In the past I have trimmed the plastic lip on the inside of the tank. The lip that the glass lid would rest on. Not sure by the picture but it looks as if it would clear then.

Don't own that filter but the piece on the back side looks as if it should flex and hold snug to the tank with tension.


----------



## [email protected] (Aug 4, 2013)

*More force.*

It looks like you have enough room. Just force it a little. Had the same problem with mine. When I got over the fear of breaking something it went on fine.

Good luck.


----------



## j30167 (Dec 30, 2009)

I have the fx5 it is the same you have to force it a bit to get it on


----------



## j30167 (Dec 30, 2009)

from the photo you are putting it on wrong, the longer side goes inside the tank, I had the same problem I called fluval and that's what they said


----------



## Aqguy (Oct 30, 2013)

I have a fx6 and thats backwards ,it is a fairly tight fit but thats a good thing.
The fx6 rocks great investment


----------



## datsunissan28 (Sep 27, 2013)

The flexible clip should go on the inside. The idea is that it will slip over the inside of the rim and then be locked in place so the hose doesn't come off. 
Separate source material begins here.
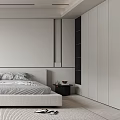 Modern Bedroom Interior Design With Large Bed Nightstand Window Rug And Wardrobe 3d model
Make sure you have it on the correct side of the divider that you want as it is not easy to take it off after the fact. I have an FX5 on my 150 gallon 30" tall aquarium. 

You will need to use some force.


----------



## cengherbogdan (Jun 5, 2012)

ok . thanks .
when i get home i try and i let you know how it works


----------



## deeda (Jun 28, 2005)

You can also use a hacksaw to trim the rim connector clip so it is easier to install and remove. I had to do this for my 125G tank because it was so hard to install it and my hands are sooo old!


----------



## cengherbogdan (Jun 5, 2012)

deeda said:


> You can also use a hacksaw to trim the rim connector clip so it is easier to install and remove. I had to do this for my 125G tank because it was so hard to install it and my hands are sooo old!



if i can't do in the easy way then i need a cut 
thank you

p.s. i hope it will fit


----------



## Aqguy (Oct 30, 2013)

Don't cut it it will snap in place when facing the right direction, if you cut it will be too loose and no turning back then.


----------



## cengherbogdan (Jun 5, 2012)

Aqguy said:


> Don't cut it it will snap in place when facing the right direction, if you cut it will be too loose and no turning back then.



i will not cut ! :icon_wink
thnak you


----------



## islanddave1 (Jul 5, 2013)

It will fit, my advice is to squeeze the long portion in order to get it too fit. Make sure you are certain of your desired location because it is tough to get it back off. Once it is in place the suction cups for the back rim can be put into place.


----------



## Aqguy (Oct 30, 2013)

The fx6 has rubberbands or suction cups I used the bands


----------



## MarkM (Sep 16, 2012)

Mine were similar and it took a lot of pressure to get them over the lip.


----------



## cengherbogdan (Jun 5, 2012)

it fit with a little force. thank you all !


----------